Education, a “Precious Commodity” 

The Commencement speaker for this year’s ceremony was William Chester Jordan, Dayton-Stockton Professor of Medieval History at Princeton University. 

graduates site six feet apart listening to commencement speaker

Jordan spoke of higher education as a “precious commodity” and shared the story of Robert of Sorbon, who was born to a peasant family in northern France in 1201. As a young man, Robert was extraordinarily brilliant, earning himself a scholarship position at the College of Rethel in Paris. After achieving great success as a student, he went on to study at the University of Paris and was appointed to the faculty, earning the renown and confidence of King Louis IX. 

Never forgetting his own peasant background, Robert spent his life working to improve access to education for other students who had not been born to wealthy families. First he established an affordable boarding house for students who could not otherwise afford housing in the expensive Paris area. Later, he established a college as part of the University of Paris that would cater to the needs of poor folks from his region and others with few opportunities. 

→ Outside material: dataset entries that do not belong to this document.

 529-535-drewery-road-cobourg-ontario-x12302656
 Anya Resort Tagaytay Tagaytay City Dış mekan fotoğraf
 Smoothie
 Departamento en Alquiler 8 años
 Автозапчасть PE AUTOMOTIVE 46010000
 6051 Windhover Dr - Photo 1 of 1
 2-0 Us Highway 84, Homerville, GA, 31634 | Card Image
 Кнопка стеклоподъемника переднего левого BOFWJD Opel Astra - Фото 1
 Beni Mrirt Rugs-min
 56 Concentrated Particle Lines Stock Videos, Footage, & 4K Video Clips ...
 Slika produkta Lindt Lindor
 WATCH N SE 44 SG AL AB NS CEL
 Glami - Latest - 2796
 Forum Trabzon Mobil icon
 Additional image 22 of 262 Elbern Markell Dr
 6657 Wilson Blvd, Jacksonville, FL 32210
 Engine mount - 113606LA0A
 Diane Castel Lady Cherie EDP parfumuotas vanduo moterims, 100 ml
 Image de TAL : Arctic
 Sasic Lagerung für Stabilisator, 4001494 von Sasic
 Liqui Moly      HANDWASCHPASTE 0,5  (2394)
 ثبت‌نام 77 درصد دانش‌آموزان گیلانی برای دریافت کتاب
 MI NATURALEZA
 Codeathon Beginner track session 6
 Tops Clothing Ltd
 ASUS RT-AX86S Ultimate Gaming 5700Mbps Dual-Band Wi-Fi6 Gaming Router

“The students there would appreciate opportunities offered to them that they had never before thought might be in their grasp,” Jordan said. “Amid these hopes and circumstances in the 1250s was born the greatest and most enduring of the Parisian colleges, the Sorbonne, named after Sorbon, the village where Robert was born.”

Jordan shared this story, he said, because it evokes memories from his own life, including parents who worked hard and sacrificed to send him to college and then, the value of higher education itself, which exposed him to new ideas and a deeper understanding of the human condition. 

“As college was liberating for those students in 13th-century Paris I have spoken to you about, it was profoundly liberating for me. It made me, I believe or at least I hope, a more humane individual,” Jordan said. “You students, who are graduating in this exercise today, now have the benefits of so much learning ahead of you. Never ever forget how you acquired it, and I urge you to always strive, to the extent you can, to preach the beatitude of education to those young people whom you encounter throughout your lives.” 

Parents pose with their twin daughters, both in cap and gown

Gratitude

University President John Garvey delivered remarks about gratitude during the Commencement ceremony. 

“Gratitude is not just an emotion,” he said. “We are always grateful for something — a sunny day, a loving family, an education. But in every case we are grateful to someone — to God, our parents, our benefactors.” 

In practicing gratitude — including toward one’s own parents, Garvey said, graduates can learn to be more generous. “True gratitude moves us to practice the generosity we ourselves benefit from.”

New graduate Leo Nardo, who received his bachelor’s in mechanical engineering, said he was certainly thankful for the opportunity to celebrate his graduation with his family and friends.  

“We finally made it and I'm happy that we have something to make it big and grand in the end,” Nardo said. “It’s great to catch up with friends, say your goodbyes, and celebrate all the work you did with your classmates. It’s a wonderful experience.”

In addition to Jordan, honorary degrees were presented to Pierre Manent, French political scientist and academic; Tommy Espinoza, president CEO and co-founder of Raza Development Fund, the largest Latino Community Development Financial Institution in the U.S.; Kathleen McChesney, former FBI executive assistant director and leading expert in addressing the Catholic Church’s sexual abuse and coverup crisis; and Joe Carlini, CEO at McKean Defense Group, 1984 graduate of Catholic University, and outgoing chairman of the Catholic University Board of Trustees.